Jose Pereira, MD
Assistant Professor,
Division of Palliative Medicine,
University of Alberta.
Palliative Care Consultant.

Opioid analgesics are one of the most effective treatment modalities for cancer pain. In the past, several studies have revealed mismanagement of cancer pain, and under-utilization of opioids. As a result, the last ten years have seen an enormous educational drive by various international organizations to reverse the needless suffering. These educational drives have resulted in a healthy and appropriate increase in the availability and use of opioids, as well as a general increase in dose and length of exposure to the opioids. Clinicians are gradually becoming more acquainted with the general principles of cancer pain management and more knowledgeable regarding the common opioid adverse effects such as nausea, constipation and sedation.

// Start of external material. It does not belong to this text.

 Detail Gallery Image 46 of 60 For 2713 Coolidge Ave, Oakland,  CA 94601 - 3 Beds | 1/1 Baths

With this increased utilization, has come an increased detection of "newer" adverse effects. These adverse effects are primarily neuro-psychiatric in nature and include myoclonus, grand-mal seizures, hallucinosis and delirium, hyperalgesia and allodynia. Myoclonus presents as generalized muscular twitching and if severe enough, can go onto develop grand-mal seizures. Hyperalgesia and allodynia, in which normally non painful stimuli become very painful, are one of the more dramatic toxicities described. Several authors have reported patients experiencing visual or tactile hallucinations. Cognitive impairment, delirium and late-onset sedation have also been noted. Most of the commonly utilized opioids, including morphine, hydromorphone, oxycodone, and fentanyl, have been implicated.

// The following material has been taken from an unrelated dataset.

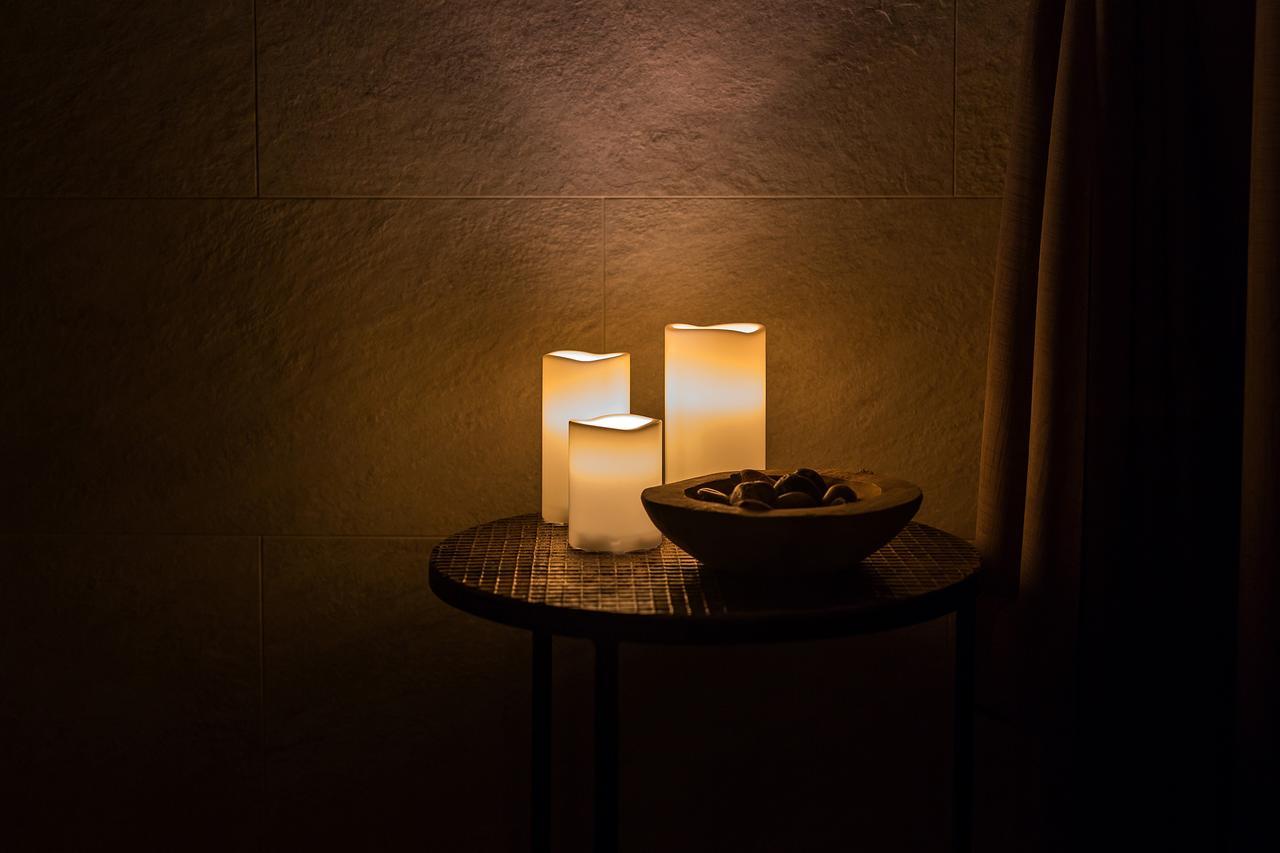 Merchants Crown Suites And Spa ปราก ภายนอก รูปภาพ Candles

The accumulation of various active opioid metabolites has been postulated to be the main underlying cause of these "newer" toxicities. Metabolites of various opioids are generated by the liver and eliminated by the kidneys. Studies have shown that morphine-3-glucuronide (M-3-G) cause severe central nervous system excitation, whereas morphine-6-glucuronide can result in a spectrum of classically related opioid side effects. Other metabolites, as well as the parent opioid, may also be involved. Since these opioid metabolites are eliminated by the kidneys, renal impairment will result in their accumulation, giving rise to toxicity. Patients at risk for developing these neuro-toxicities are those with borderline cognition, those on high doses of opioids and for prolonged periods, patients with neuropathic pain, patients with renal impairment and dehydration, and patients taking psychoactive medications such as benzodiazepines.

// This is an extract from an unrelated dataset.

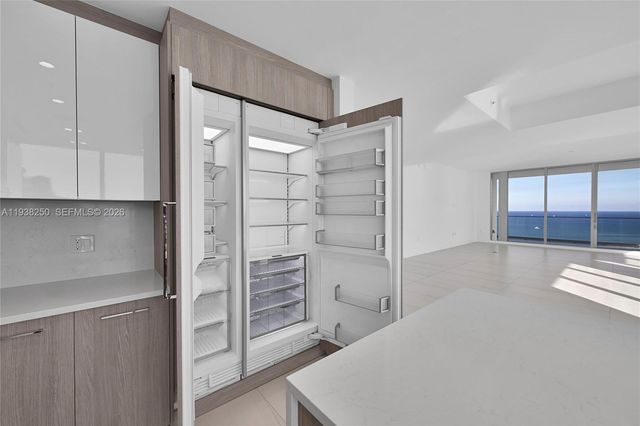 151 N Seabreeze 1701E, Fort Lauderdale, FL 33304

It must be emphasized that these newer toxicities should not be a deterrent to clinicians and physicians utilizing these effective drugs in their efforts to control cancer pain. Various very effective strategies have been described to prevent, control and reverse these toxicities. The most successful strategies are opioid rotations, hydration and the discontinuation of other aggravating drugs. In recent years an increasing number of authors have reported successes using these strategies. An opioid rotation involves the switching over to an alternative agonist opioid at an equianalgesic dose, less 20-50%, when these toxicities emerge. This allows for the elimination of the offending drug while maintaining adequate analgesia with the new one. Our group utilizes switches between morphine, hydromorphone, oxycodone, fentanyl and methadone. We have found methadone a very useful opioid: with the caveat that chronic administration of methadone results in it being approximatley is approximately ten times more potent than morphine. This is very different to most commonly reported equi-analgesic dose tables. Hydration allows for the elimination of the offending opioid metabolites. Discontinuation of other drugs that may aggravate delirium etc , such as benzodiazepines, is prudent if delirium presents. The symptoms of delirium can be controlled with other drugs such as haloperidol. In countries where alternative agonist opioids are not available, the overall opioid dose can be reduced or circadian modulation, with decreased nocturnal doses, that can be employed. Where severe sedation persists despite opioid rotations, dose reductions, and the elimination of other psychoactive drugs, a psychostimulant may be useful. Various other drugs for the treatment of such toxicities as myoclonus have been reported in the literature. These include clonazepam, lorazepam, baclofen, barbituates, etc. However, none of these have been studied in well-controlled trials, the evidence for their effectiveness is occasionally contradictory, many of them are themselves associated with central nervous system adverse effects, and ultimately, they do not remove the underlying cause of the problem.

As clinicians, we should be more attentive to these toxicities. We should be monitoring cognition in these patients regularly, we should be inquiring about the presence of hallucinations and hyperalgesia, and we should be identifying patients at risk. These toxicities should not deter us from utilizing opioids in cancer pain. Rather, we should be aware of them, we should be knowledgeable of the various strategies to manage them, and in our education efforts, we should be emphasizing the need for regular, thorough multidimensional assessments of our patients, we should emphasize the recognition of these toxicities and teach other caregivers on how to manage these toxicities appropriately. We should continue to promote the use of opioids, but the time has also come for greater finesse when utilizing these excellent medications.